Situations cannot be repeated exactly. But it is possible to single out in them, as in a mini-performance, the plot, the climax and the denouement. And even a prologue: let’s say this is the news that you are called somewhere where psychological difficulties and troubles usually await you. You can say to yourself: “This is not fatal! We’ll survive! And you can sing the well-known from comedy: “But we don’t care! ..” — and try to clearly see all the objects that come into view on the way there. Usually the aggression of negative emotions uses our hearing more. Therefore, attention should be fixed not on auditory sensations, but on visually perceived objects. So we are preparing a good «counterweight», «lightning rod». And on the way you need to think only about what is in front of your eyes, that is, you need not just look with a superficially sliding glance, you need to actively consider, see!

And here we are in front of the door — the very one … So what? The door is like a door. Here’s the pen, here’s the sign. Oh yes, queue. Well, let’s wait! .. You can consider the line, walls, floor — anything! Don’t allow any idea of ​​what’s to come! Do not try to play all possible versions of the scene in advance. It is necessary to prepare activity, first of all, visual attention. Before entering — do not linger, open the door without giving yourself a moment to hesitate. And from the threshold! — See! — There! — As much as possible! And «His» («Her») — too! Do not lower your eyes and head, it immediately makes us vulnerable. We need to see the face and eyes of our “stressor.” And when the dialogue begins, we must continue to see: eyes, facial features, clothing, background, environment… The more objects are clearly visible, the less you will be hurt by what usually hurts. And don’t rush! A moderate pace in movements and in speech is needed. No fuss!

This method of self-defense — through the development of active attention — can be learned by a person at any age.

Many years ago, I recommended it to an elderly teacher, L.F. She had a very difficult relationship with the headmaster, an active woman, but with hysterical forms of influence on «non-conformal» teachers. They hated each other: the director because L.F. due to her age could not quickly respond to all the innovations in the school, and the teacher L.F. for constant insulting reproaches and humiliation.

When I tried to persuade L.F. to see in the director those human traits that really took place and deserved respect and participation, L.F. aloofly moved away: “Forgive me, but it’s hard for me to see in this fury those traits whom you speak. Perhaps they are, but I can’t see them because of her inhumanity!” But L. F. was both smart and kind, and capable of selflessness …

Then I offered her to defend herself in the above way. A few months later, L. F. reported that her relationship with the director had improved. In the very first meeting, she achieved a turning point in the very tone of communication. Subsequently, there was a breakdown when L. F. lost her “watch point,” that is, she stopped monitoring her attention. But then she regained her control.

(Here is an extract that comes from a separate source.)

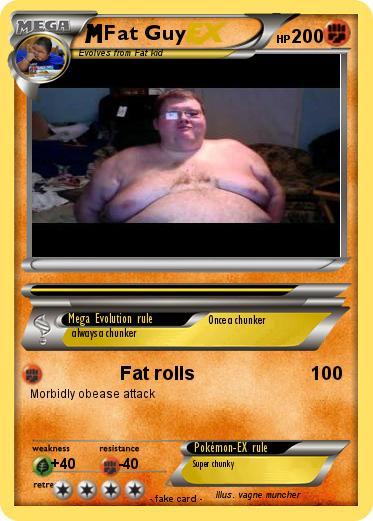 Pokemon Fat Guy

Vigilance, that is, the constant refreshment of one’s control, its renewal, is necessary!! Carelessness and complacency in this regard often lead to breakdowns.

This ingenuous technique has been mastered by so many people. All of them later reported that the stressor responded invariably to a sudden change in behavior. Still would! Instead of signs of hostility and readiness for an outbreak — before him is the embodiment of calm, silent attention! Moreover, consciously maintained calm is always a manifestation of fortitude and therefore gives a huge advantage to its owner. That is why it has a great power of influence. But this is on condition that silence and calmness are correct, that is, without signs of irony, mockery and hostility.

The pace of speech and movements also plays a significant role. To remove and prevent negative emotional arousal, you need a leisurely pace, movements collected, unobtrusive.

In dialogues, when the «stressor» reproaches, he can be disarmed by admitting that his reproach is justified. If there really was some reason for reproach or remark on our part, then admitting our guilt disarms the accuser. The desire to protest any reproach, any remark or criticism will certainly irritate any leader, and even more so for a less restrained one.